Je pratiquais encore plusieurs médiums, notamment de la sculpture peinte, étendue par la tranche, je ne trouvais pas la façon de peindre qui me convenait. J’ai arrêté de peindre aux Beaux-Arts de Paris où il y avait beaucoup plus de peintres. Ce qui m’a toujours intéressée c’est le rapport que l’image entretient avec le médium, avec les matières qui l’incarnent et la rendent visible et palpable, ce n’était pas forcément la peinture. Du coup je me suis posé pendant longtemps la question à l’envers. Peut-être était-ce l’époque, peut-être le fait d’être en France avec Supports/ Surfaces, de tenter toutes sortes d’expérimentations sur le support jusqu’à ce que je me rende compte que, évidemment, le support de l’image en peinture c’est la peinture elle-même, ce n’est pas le support de la peinture. Que c’était à la façon d’appliquer la matière peinture sur la toile qu’il fallait que je m’intéresse.
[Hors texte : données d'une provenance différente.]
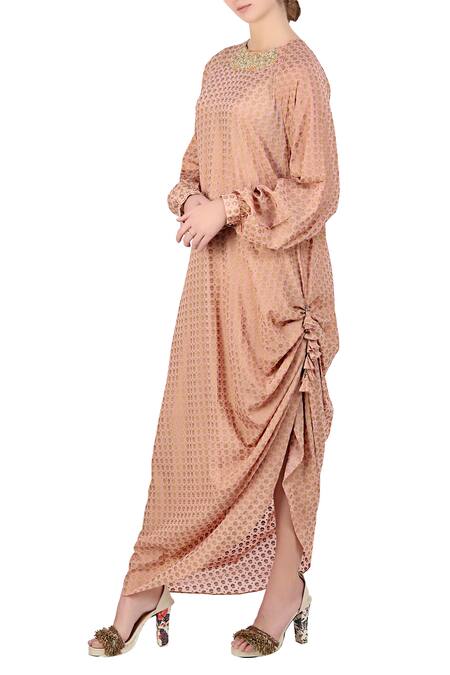 Buy Pink Round Draped Tunic Dress For Women by Nikasha Online at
Certains professeurs auraient pu vous en éloigner ?
Non, même si, quand je faisais mes études, il n’y avait pas eu encore ce grand retour de la peinture. Probablement parce que c’est un médium surdéterminé qui a tant de poids dans l’art moderne jusque dans ses conceptions populaire. Ca ne vient pas de De Vinci, bien plus de Picasso, on entend couramment aujourd’hui qu’une œuvre d’art c’est une peinture à l’huile sur toile. Et je me suis rendu compte que si c’était lourd, c’était pour cela qu’il fallait justement faire de la peinture aujourd’hui. Mais penser différemment ce « faire », le penser d’une manière qui me convienne.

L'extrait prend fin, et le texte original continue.